> _Task requirements_
Using the records below, report how many lines hold "Style", with no extra text.

> _Dataset entries_
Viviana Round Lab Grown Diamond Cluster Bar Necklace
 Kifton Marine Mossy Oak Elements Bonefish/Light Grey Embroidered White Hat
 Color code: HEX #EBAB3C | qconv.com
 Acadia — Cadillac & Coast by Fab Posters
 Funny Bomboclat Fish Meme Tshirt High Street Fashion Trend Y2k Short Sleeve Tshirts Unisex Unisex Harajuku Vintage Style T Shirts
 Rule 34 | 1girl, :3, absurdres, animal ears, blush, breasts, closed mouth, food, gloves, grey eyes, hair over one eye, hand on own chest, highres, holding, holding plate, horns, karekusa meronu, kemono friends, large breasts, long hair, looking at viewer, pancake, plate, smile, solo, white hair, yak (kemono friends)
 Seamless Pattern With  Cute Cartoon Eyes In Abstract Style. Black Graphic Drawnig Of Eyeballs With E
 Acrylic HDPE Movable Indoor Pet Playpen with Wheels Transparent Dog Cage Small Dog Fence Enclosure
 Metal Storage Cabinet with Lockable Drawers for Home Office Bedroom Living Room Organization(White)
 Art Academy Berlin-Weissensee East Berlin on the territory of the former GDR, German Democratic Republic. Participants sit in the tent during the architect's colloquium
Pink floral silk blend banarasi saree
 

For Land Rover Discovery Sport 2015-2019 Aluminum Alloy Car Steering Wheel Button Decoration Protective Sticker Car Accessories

> _Reply to the exercise_
2